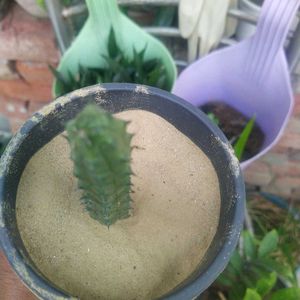 Flowing Cactus With Pot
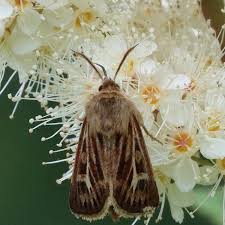 Attēlu rezultāti vaicājumam “Cerapteryx graminis”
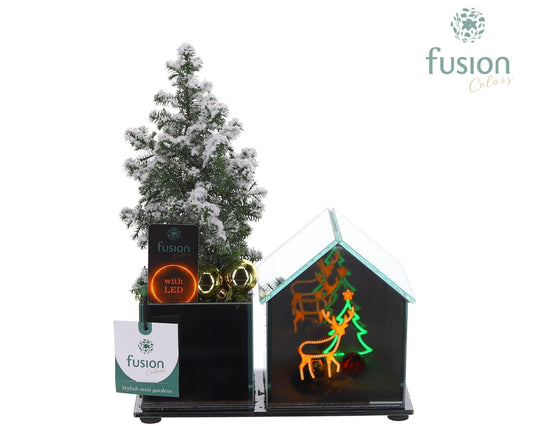 Glas kerststal Huis LED planter met Chamaecyparis 29cm 20cm Pot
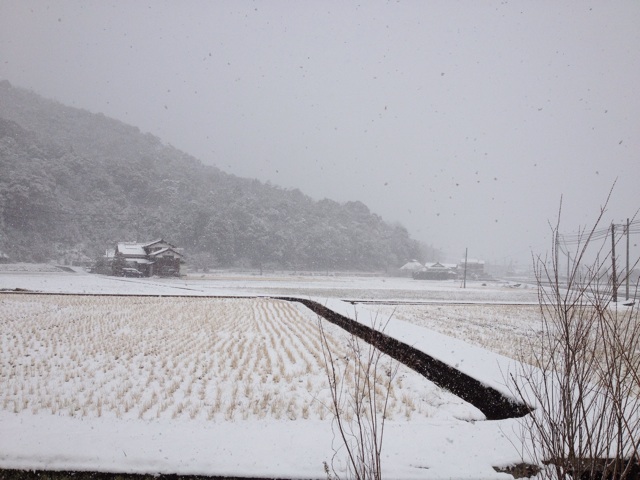 f:id:sprighascome:20150101124835j:plain f:id:sprighascome:20150101124835j:plain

■ ■ ■ ■ ■

**YOUR ASSIGNMENT:** A word-for-word copy of all the data is required, minus the pictures.

**EXPECTED ANSWER:**
 Flowing Cactus With Pot
 Attēlu rezultāti vaicājumam “Cerapteryx graminis”
 Glas kerststal Huis LED planter met Chamaecyparis 29cm 20cm Pot
 f:id:sprighascome:20150101124835j:plain f:id:sprighascome:20150101124835j:plain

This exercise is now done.